Pengalaman tersebut dialami oleh Gus Dur beberapa dekade silam. Ketika sedang berada di Maroko, Gus Dur secara khusus menyempatkan untuk mengunjungi salah satu perpustakaan di kota Fez. Sebagaimana lazimnya, ketika mengunjungi sebuah negara salah satu hal yang pasti dikunjungi Gus Dur adalah Perpustkaan.
Nah ketika di Maroko tersebut Gus Dur sengaja mengunjungi perpustakaan kampus tertua di dunia yaitu Al-Qarawiyin di kota Fes demi membaca sebuah manuskrip Talkhis Akhlak Aristo karya Ibnu Rusyd.
Kitab tersebut asalnya karya Aristo tentang etika yang ditulis untuk anaknya yang bernama Nekomakhos/Nekomakhiya.
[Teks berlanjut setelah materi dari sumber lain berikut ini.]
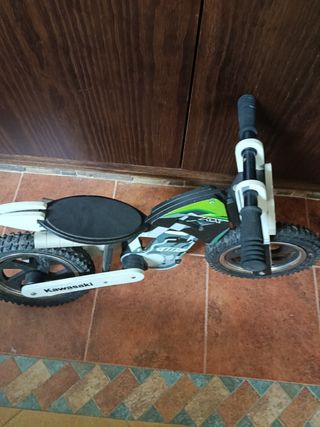 Correpasillos Kawasaki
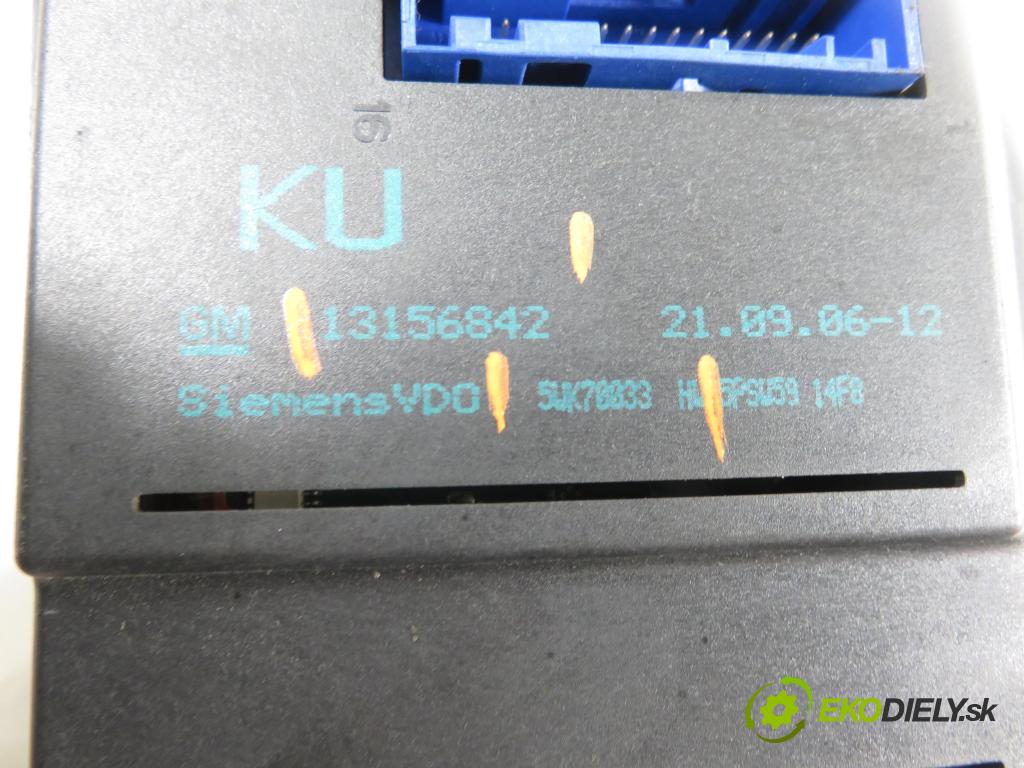 OPEL MERIVA A nadwozie wielkoprzestrzenne (MPV) (X03) HB 2006 92,00 1.8 - Z 18 XE 1796,00 ZOBRAZIT: 13156842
Kemudian diringkas dan diberikan kritik oleh Ibnu Ruysd menjadi Talkhis Akhlak Aristo.
Rupanya setelah membaca manuskrip buku tersebut, Gus Dur sempat meneteskan air mata. Hal yang sangat jarang terjadi, seorang Gus Dur sampai menangis ketika membaca sebuah buku.
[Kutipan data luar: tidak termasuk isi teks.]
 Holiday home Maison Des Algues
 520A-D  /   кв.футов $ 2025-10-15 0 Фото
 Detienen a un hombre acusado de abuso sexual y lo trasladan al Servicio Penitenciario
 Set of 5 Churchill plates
Rupanya Gus Dur terpesona dengan isi manuskrip Ibnu Rusyd yang mana mengajarkan tentang etika. Sambil menangis, bahkan Gus Dur berkata, “Andaikan saya tidak baca buku itu, saya bakal jadi teroris.” (Ali Mustafa Ya’qub: 2012)
Begitu besarnya pengaruh sebuah turats atau warisan masa lalu tersebut bahkan bisa mempengaruhi sosok besar Gus Dur. Padahal kita tahu sendiri, Gus Dur sejak muda telah mempunyai wawasan serta kekayaan intelektual yang begitu luas.
Tidak hanya kitab kuning, buku-buku berat tulisan para pemikir barat sudah kenyang dilahapnya. Tapi apa kata beliau, semua pengetahuan tersebut rupanya hanya membentuk dan melahirkan pola pikir yang ekstrim kalau saja ia tidak membaca satu manuskrip berjudul “Talkhis Akhlak Aristo” tersebut.
Penulis merupakan pustakawan di Perpustakaan Ponpes Langitan.